So what’s Mlatu?
Mlatu is a purely functional programming language. In imperative languages you get things done by giving the computer a sequence of tasks and then it executes them. While executing them, it can change state. For instance, you set variable a to 5 and then do some stuff and then set it to something else. You have control flow structures for doing some action several times. In purely functional programming you don’t tell the computer what to do as such but rather you tell it what stuff is. The factorial of a number is the product of all the numbers from 1 to that number, the sum of a list of numbers is the first number plus the sum of all the other numbers, and so on. You express that in the forms of functions. You also can’t set a variable to something and then set it to something else later. If you say that a is 5, you can’t say it’s something else later because you just said it was 5. What are you, some kind of liar? So in purely functional languages, a function has no side effects. The only thing a function can do is calculate something and return it as a result. At first, this seems kind of limiting but it actually has some very nice consequences: if a function is called twice with the same parameters, it’s guaranteed to return the same result. That’s called referential transparency and not only does it allow the compiler to reason about the program’s behavior, but it also allows you to easily deduce (and even prove) that a function is correct and then build more complex functions by gluing simple functions together.
Mlatu is concatenative. Almost all imperative languages and functional languages are applicative. Applicative languages get stuff done by applying functions to their arguments, while concatenative languages get stuff done by composing functions. While I’ll talk of applying functions in this tutorial, it’s a bit of a facade because everything in Mlatu is a function, and a program is also a function formed by composing the component terms of the program. Values like 2 or 3 are really just functions that return numbers when called. In concatenative programming, the data flows in the order the program is written in, which means little-to-no backtracking when reading a concatenative programming. The best explanation I’ve seen for why concatenative programming matters is the aptly-named Why Concatenative Programming Matters.
Mlatu is statically typed. When you compile your program, the compiler knows which piece of code is a number, which is a string, and so on. That means a lot of possible errors are caught at compile time. If you try to add together a number and a string, the compiler will complain at you. Mlatu uses a very good type system that has type inference.

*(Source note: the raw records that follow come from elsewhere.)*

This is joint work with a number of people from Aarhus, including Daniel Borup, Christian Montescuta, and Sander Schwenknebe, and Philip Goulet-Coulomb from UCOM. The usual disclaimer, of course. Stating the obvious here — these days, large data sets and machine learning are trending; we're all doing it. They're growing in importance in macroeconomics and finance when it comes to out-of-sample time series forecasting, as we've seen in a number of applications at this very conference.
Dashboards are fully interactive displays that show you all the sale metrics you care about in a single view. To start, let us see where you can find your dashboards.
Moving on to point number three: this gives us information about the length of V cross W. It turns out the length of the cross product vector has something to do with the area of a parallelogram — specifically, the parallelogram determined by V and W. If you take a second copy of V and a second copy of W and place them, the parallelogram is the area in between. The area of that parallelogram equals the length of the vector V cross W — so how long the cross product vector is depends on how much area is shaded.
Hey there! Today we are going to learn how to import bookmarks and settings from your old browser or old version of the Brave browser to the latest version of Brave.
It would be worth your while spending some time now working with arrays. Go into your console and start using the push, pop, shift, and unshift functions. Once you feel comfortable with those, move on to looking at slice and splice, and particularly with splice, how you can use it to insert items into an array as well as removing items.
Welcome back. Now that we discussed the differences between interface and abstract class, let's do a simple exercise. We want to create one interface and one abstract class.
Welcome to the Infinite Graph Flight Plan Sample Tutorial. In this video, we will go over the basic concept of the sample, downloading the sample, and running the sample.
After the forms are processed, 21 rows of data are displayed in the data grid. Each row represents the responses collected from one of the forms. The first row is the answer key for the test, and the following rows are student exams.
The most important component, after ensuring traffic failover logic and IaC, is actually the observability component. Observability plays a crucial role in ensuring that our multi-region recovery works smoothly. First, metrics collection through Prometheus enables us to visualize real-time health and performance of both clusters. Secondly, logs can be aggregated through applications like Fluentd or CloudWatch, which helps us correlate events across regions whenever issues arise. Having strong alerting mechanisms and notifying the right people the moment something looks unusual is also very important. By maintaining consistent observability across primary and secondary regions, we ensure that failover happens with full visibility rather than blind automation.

That means that you don’t have to explicitly label every piece of code with a type because the type system can intelligently figure out a lot about it. If you say 5 4 + -> a;, you don’t have to tell Mlatu that a is a number, it can figure that out by itself. Type inference also allows your code to be more general. If a function you make takes two parameters and adds them together and you don’t explicitly state their type, the function will work on any two parameters that act like numbers.
Mlatu is elegant and concise. Because it uses a lot of high level concepts, Mlatu prograams are usually shorter than imperative equivalents. And shorter programs are easier to maintain than longer ones and have less bugs.